理想はこの姿勢になったとき足の裏がぴったりと地面につくこと。もし難しいようでしたら足もとに調整できるタオルや雑誌などを敷きましょう。新しい椅子の購入を考えているのなら、この基準を参考に選んでみてください。
床に座るにせよ椅子に座るにせよ前後左右のバランスを悪化させるよう足組みや女の子すわりはNG。きれいな姿勢を頭の中でイメージしながら座れば、そんなに難しくはないはずです。

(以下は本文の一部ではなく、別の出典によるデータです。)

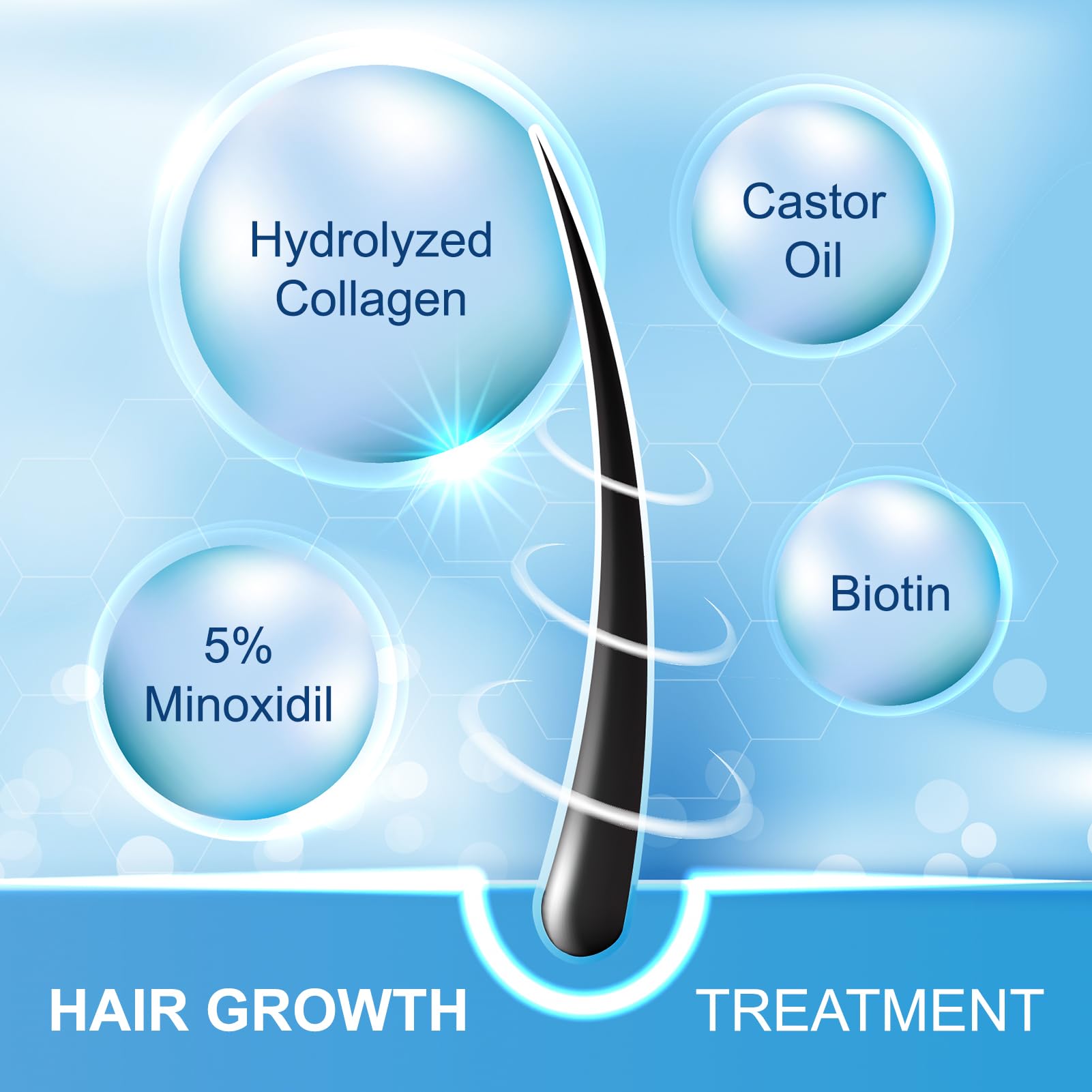 L’application sur cheveux secs avec FUZYAT Minoxidil 5% assure une utilisation précise.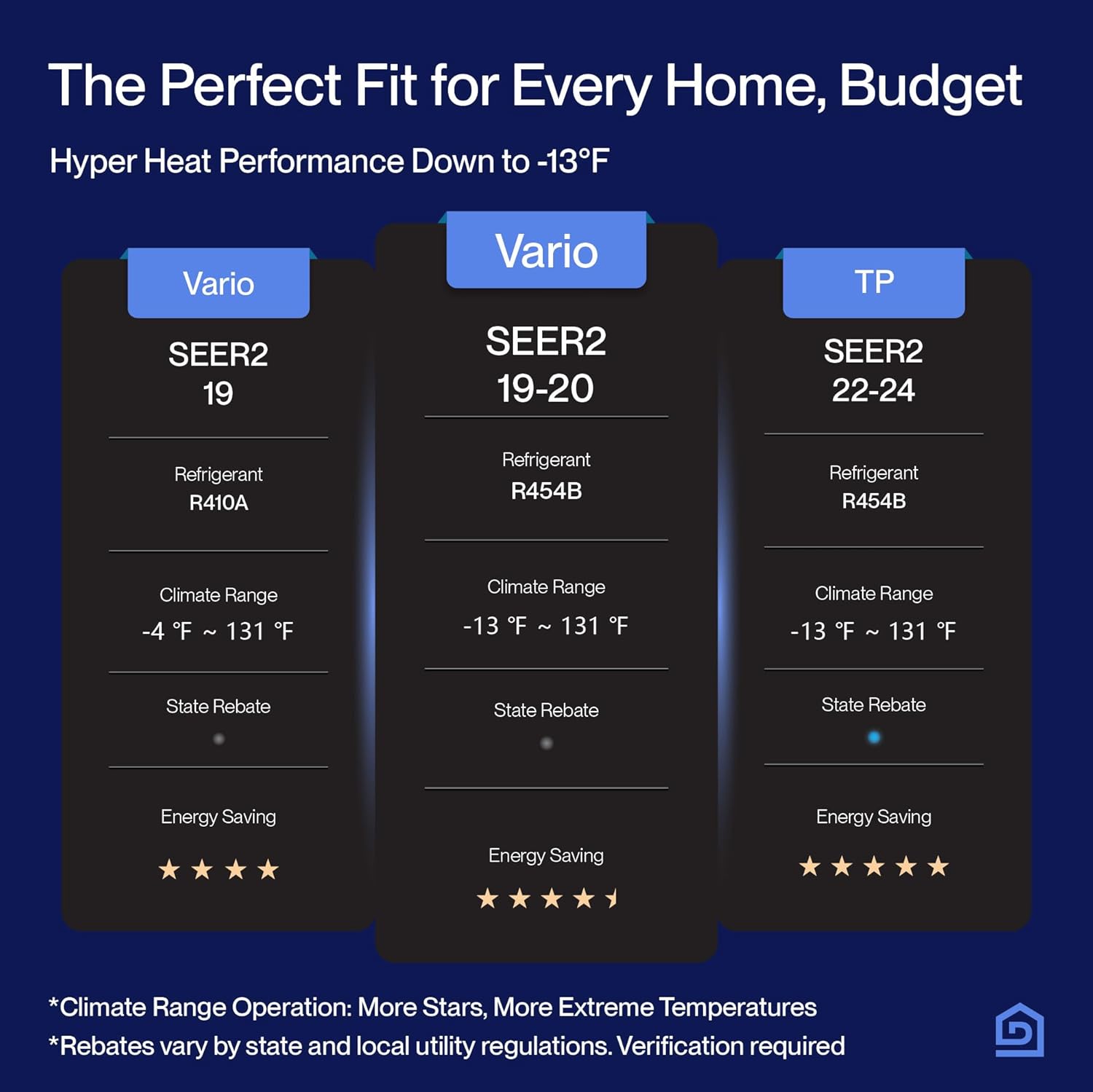 DELLA 35K BTU ODU 19 SEER2, 2 Dual Zone 12000 24000 BTU Mini Split AC,Energy Efficient, Work with Alexa and Wifi, 208-230V Cools Up to 2050 Sq.Ft Ductless Pre-Charged Heat Pump, 16ft Installation Kit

楽な姿勢を見つけたからと言ってずっとその姿勢、というのも考えものです。そうすると全身の筋肉が凝り固まってしまって、坐骨神経痛が悪化するどころか新たな体の不調が出てきかねません。そこで椅子に座りながらできるストレッチもご紹介します。
まず痛みを感じる方の脚の足首をもう片方の太ももに乗せます。あとは背筋を伸ばしたまま上体を前に倒すだけ。もしバランスがとりにくいようでしたら、軸足ごと抱えるようにしてもOK。お尻から太ももにかけての筋肉が伸びるはずです。30秒キープを3セットほど行えば、下半身が軽くなってきますよ。
こういったことは、習慣にすることが重要です。痛くない座り方と座りながらできるストレッチを生活の中に取り入れて、きちんとリラックスしながら歪みのない体を目指しましょう。